Twitter has been down for more than 2 hours,the last tweets on my time-line reflect panic as one would expect from the passengers of a ship as it goes down with the waves! Well, i haven't got a Google Wave account yet, the analogy is partly coincidental :p
Was i surprised? Not at all! This is not the first time that the micro-blogging site has gone down, since past few months,outages have become a regular affair and most likely will continue for a while. No! I don't mean to say that the guys at Twitter are not smart enough, indeed, it would be foolish to say that for guys who came up with such a brilliant concept such as Twitter. The only speculation that can be made is the probability that the issue lies deeper than it seems to us.

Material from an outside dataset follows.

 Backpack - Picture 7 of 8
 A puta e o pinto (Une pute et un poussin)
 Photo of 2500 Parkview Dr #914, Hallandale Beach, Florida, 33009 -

Outages are not specific to Twitter alone, most popular services including Google, Gmail and Facebook have had their blues too. It is an irony of fate that the very participatory nature of the Social Web is also the factor that takes it down often. For instance, the Internet traffic generated by Michael Jackson's death was much more than the servers were prepared for; it seems that most of the people in the world decided to use the Web to find more information about MJ, unprecedented numbers of requests coming in was interpreted as a DDoS attack by Google which then went into emergency mode. However, other Social Web sites such as Facebook, Friendfeed, MySpace and Twitter of course are far more open, consequently they could not balance the load and crashed.
So couldn't they build the service keeping load balancing in mind? This question is complex too, the Web is evolving at such a rapid pace that it is no longer possible to follow the traditional model where even the tiniest detail has gone through analysis and validation before the development has actually begun. Most of the popular service providers of the day are widely used for features some of which had not even been foreseen when the service was built for the first time. Adding newer features to existing applications is a continuous process that is conceived of and implemented in response to changing paradigms. Quick adaptation and innovation-on-demand is what drove their growth and has enabled them to change the way we use the Internet now.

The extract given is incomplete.